[[ DATA EXCERPTS open ]]

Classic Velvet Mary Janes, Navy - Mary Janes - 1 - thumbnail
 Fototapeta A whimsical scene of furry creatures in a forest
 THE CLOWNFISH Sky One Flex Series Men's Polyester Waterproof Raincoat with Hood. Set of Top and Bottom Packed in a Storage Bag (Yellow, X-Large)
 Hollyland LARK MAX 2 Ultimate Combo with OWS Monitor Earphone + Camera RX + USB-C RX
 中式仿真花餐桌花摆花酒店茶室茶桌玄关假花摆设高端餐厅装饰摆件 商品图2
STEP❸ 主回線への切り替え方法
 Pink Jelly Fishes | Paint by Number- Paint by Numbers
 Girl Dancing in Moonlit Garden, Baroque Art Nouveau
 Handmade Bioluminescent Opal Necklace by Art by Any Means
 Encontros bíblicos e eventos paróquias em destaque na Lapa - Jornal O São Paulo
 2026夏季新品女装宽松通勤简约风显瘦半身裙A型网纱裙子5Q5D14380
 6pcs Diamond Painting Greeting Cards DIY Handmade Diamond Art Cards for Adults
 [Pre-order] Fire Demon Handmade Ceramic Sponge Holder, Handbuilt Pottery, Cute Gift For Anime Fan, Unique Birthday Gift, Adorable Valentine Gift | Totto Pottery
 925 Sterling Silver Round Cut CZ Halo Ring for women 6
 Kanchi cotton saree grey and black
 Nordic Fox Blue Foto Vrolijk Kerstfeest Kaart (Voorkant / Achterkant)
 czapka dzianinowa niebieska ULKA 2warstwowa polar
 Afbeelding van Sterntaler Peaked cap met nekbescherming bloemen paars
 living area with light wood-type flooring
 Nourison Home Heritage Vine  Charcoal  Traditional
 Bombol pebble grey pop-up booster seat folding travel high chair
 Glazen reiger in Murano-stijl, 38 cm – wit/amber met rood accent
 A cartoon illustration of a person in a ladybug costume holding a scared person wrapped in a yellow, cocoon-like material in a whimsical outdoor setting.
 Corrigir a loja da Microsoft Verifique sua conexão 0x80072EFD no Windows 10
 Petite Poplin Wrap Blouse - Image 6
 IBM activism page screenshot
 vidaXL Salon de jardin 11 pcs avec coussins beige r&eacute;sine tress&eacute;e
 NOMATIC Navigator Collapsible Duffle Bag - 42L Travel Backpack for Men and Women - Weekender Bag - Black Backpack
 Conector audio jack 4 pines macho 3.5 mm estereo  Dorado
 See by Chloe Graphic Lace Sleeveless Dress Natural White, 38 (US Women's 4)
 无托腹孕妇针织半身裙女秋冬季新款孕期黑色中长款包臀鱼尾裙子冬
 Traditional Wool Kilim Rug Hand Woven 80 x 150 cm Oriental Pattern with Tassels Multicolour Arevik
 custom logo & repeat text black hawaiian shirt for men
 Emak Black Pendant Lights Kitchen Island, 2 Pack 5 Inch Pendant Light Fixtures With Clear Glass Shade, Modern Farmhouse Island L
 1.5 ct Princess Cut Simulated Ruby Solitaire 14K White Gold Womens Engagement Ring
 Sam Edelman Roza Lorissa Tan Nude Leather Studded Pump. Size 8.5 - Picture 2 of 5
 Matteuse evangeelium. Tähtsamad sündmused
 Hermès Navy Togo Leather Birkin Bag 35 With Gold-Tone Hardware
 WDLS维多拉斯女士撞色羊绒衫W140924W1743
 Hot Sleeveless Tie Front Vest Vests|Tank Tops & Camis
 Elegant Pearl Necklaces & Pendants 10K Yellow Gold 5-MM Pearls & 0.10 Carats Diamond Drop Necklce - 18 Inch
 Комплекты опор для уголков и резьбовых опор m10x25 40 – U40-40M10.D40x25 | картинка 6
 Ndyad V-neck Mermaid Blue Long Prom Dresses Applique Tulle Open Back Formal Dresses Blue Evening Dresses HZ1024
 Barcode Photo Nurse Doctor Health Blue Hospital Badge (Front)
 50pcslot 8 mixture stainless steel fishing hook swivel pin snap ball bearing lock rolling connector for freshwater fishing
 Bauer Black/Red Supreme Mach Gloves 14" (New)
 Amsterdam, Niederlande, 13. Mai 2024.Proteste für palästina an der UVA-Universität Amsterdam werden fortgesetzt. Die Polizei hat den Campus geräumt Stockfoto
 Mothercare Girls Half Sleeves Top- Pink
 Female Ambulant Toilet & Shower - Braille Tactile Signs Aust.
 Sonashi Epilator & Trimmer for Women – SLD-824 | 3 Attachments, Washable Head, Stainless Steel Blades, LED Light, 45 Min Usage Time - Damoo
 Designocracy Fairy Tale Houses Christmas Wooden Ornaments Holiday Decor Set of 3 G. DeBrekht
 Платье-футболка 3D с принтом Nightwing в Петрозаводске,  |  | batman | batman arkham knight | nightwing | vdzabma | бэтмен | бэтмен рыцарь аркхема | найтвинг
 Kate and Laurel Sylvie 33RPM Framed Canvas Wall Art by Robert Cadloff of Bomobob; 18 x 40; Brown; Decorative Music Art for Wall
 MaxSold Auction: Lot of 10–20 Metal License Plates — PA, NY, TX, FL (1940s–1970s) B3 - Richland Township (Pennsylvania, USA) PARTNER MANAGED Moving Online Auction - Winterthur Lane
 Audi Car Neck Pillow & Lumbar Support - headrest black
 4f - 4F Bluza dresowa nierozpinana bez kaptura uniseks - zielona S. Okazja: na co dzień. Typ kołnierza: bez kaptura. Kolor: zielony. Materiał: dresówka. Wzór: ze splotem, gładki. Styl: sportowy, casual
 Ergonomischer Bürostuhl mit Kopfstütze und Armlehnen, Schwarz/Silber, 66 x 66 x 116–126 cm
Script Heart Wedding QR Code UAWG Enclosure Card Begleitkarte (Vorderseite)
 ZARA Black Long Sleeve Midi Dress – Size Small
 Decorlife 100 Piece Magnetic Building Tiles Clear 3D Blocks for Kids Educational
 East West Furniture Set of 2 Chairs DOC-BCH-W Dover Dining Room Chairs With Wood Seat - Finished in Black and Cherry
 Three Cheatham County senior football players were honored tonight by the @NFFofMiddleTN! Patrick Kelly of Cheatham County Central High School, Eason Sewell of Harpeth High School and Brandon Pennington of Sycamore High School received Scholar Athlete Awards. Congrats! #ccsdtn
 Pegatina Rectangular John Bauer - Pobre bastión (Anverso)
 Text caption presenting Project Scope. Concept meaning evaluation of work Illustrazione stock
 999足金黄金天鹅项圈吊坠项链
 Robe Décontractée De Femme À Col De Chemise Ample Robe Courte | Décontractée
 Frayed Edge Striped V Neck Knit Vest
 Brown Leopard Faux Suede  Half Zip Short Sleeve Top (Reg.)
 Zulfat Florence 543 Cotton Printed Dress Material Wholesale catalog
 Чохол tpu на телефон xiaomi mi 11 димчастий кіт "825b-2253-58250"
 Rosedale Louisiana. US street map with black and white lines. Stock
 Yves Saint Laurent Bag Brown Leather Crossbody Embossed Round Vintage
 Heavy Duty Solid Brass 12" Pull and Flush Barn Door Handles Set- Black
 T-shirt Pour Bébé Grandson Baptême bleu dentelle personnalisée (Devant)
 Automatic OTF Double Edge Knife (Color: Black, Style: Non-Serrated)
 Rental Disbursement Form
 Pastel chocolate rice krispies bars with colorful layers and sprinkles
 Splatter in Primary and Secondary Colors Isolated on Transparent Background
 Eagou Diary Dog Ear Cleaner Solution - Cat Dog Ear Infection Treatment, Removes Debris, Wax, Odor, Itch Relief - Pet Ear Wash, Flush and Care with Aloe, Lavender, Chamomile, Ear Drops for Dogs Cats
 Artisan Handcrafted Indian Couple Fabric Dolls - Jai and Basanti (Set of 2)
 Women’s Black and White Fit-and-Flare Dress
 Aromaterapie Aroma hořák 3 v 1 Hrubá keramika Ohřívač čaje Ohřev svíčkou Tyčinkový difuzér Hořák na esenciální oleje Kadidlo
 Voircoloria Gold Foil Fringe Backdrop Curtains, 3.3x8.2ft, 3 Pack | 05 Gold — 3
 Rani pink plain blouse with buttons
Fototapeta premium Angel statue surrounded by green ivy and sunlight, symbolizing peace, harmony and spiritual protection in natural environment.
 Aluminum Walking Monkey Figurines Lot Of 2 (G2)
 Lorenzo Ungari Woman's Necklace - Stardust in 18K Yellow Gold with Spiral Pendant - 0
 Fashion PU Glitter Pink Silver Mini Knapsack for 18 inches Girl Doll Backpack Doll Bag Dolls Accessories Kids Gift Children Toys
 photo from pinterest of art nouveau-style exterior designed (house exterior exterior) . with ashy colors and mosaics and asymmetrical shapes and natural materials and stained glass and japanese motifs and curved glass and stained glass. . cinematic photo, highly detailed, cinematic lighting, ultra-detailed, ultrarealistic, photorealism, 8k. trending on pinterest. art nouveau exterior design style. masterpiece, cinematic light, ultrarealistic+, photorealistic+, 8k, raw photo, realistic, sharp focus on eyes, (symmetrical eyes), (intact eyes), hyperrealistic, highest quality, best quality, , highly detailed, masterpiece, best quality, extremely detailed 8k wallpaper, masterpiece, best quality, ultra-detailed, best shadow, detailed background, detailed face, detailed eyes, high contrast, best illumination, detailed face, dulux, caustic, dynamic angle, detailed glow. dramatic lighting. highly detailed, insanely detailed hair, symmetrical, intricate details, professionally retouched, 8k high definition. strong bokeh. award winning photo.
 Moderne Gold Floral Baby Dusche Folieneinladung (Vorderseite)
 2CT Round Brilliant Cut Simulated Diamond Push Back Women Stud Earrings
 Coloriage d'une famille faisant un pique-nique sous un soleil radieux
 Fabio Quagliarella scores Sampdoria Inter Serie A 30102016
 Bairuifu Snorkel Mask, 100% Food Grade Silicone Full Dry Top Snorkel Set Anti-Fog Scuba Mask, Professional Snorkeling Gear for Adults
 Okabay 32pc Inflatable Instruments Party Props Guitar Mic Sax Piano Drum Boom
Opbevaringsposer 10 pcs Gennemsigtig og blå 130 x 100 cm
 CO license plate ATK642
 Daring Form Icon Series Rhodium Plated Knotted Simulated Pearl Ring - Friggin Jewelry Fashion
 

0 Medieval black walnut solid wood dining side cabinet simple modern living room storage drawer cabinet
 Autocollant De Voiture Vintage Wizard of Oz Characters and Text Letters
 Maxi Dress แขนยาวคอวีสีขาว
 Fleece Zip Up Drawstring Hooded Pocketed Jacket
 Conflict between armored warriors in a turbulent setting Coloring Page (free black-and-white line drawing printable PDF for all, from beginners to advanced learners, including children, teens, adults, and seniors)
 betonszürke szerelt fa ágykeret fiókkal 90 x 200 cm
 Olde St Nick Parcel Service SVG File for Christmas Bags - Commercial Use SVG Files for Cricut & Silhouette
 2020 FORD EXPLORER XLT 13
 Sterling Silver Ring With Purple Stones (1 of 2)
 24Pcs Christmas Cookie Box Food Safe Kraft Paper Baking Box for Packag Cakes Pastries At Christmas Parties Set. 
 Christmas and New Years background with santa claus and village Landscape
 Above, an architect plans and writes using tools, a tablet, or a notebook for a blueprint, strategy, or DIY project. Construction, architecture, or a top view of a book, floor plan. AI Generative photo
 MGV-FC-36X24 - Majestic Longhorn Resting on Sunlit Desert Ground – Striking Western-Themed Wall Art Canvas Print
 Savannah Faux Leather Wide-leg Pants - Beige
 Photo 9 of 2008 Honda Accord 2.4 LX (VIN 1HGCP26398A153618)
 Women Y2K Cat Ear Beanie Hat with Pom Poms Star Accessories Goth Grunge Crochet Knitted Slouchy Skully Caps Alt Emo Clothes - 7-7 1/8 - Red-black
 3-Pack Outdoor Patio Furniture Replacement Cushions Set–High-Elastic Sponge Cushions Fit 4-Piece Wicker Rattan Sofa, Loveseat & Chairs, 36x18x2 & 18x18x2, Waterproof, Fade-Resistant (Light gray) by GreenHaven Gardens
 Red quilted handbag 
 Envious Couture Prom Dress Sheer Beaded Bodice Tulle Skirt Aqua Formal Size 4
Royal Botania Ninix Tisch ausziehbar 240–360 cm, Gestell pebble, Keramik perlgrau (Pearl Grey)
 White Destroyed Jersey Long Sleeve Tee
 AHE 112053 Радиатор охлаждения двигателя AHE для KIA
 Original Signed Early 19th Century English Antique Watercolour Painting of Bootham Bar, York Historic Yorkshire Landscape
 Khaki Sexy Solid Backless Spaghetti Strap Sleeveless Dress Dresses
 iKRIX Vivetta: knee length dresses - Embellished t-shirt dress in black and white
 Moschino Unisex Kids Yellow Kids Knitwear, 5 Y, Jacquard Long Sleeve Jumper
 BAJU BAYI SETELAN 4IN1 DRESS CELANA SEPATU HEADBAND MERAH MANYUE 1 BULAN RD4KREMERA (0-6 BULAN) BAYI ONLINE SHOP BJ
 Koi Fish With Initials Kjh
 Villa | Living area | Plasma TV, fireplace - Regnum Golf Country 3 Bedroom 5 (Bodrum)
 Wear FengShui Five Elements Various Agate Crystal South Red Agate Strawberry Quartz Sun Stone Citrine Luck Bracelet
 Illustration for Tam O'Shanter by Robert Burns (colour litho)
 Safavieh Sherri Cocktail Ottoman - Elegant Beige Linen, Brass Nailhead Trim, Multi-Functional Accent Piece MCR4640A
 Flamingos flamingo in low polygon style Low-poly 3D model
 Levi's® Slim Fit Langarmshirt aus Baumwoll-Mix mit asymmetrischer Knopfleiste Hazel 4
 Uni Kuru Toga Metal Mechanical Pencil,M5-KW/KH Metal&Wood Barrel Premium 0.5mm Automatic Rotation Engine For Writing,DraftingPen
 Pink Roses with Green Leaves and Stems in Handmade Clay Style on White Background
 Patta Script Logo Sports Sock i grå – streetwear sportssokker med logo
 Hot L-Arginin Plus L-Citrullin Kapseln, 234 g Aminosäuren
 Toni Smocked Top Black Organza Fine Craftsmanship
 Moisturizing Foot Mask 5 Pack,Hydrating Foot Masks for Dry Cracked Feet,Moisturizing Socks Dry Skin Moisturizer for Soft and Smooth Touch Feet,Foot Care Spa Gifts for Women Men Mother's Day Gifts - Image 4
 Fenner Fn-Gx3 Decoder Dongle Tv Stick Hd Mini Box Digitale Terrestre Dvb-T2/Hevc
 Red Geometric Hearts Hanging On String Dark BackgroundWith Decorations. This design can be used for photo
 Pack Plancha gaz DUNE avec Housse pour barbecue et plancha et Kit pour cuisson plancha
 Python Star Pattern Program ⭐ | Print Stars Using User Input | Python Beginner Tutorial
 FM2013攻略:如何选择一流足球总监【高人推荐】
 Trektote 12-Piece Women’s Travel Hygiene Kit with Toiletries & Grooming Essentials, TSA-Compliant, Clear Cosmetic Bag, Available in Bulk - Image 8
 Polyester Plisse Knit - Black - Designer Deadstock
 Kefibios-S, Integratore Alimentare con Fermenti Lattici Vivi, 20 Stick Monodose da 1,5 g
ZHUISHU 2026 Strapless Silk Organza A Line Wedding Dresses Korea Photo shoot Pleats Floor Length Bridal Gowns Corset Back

[[ DATA EXCERPTS closed ]]

**DIRECTIONS FOR THIS TASK**
All lines above from the line with "A cartoon illustration" through the line with "Hot Sleeveless Tie", both included, are to be set down exactly, with nothing else.

**RESPONSE TO THE TASK**
 A cartoon illustration of a person in a ladybug costume holding a scared person wrapped in a yellow, cocoon-like material in a whimsical outdoor setting.
 Corrigir a loja da Microsoft Verifique sua conexão 0x80072EFD no Windows 10
 Petite Poplin Wrap Blouse - Image 6
 IBM activism page screenshot
 vidaXL Salon de jardin 11 pcs avec coussins beige r&eacute;sine tress&eacute;e
 NOMATIC Navigator Collapsible Duffle Bag - 42L Travel Backpack for Men and Women - Weekender Bag - Black Backpack
 Conector audio jack 4 pines macho 3.5 mm estereo  Dorado
 See by Chloe Graphic Lace Sleeveless Dress Natural White, 38 (US Women's 4)
 无托腹孕妇针织半身裙女秋冬季新款孕期黑色中长款包臀鱼尾裙子冬
 Traditional Wool Kilim Rug Hand Woven 80 x 150 cm Oriental Pattern with Tassels Multicolour Arevik
 custom logo & repeat text black hawaiian shirt for men
 Emak Black Pendant Lights Kitchen Island, 2 Pack 5 Inch Pendant Light Fixtures With Clear Glass Shade, Modern Farmhouse Island L
 1.5 ct Princess Cut Simulated Ruby Solitaire 14K White Gold Womens Engagement Ring
 Sam Edelman Roza Lorissa Tan Nude Leather Studded Pump. Size 8.5 - Picture 2 of 5
 Matteuse evangeelium. Tähtsamad sündmused
 Hermès Navy Togo Leather Birkin Bag 35 With Gold-Tone Hardware
 WDLS维多拉斯女士撞色羊绒衫W140924W1743
 Hot Sleeveless Tie Front Vest Vests|Tank Tops & Camis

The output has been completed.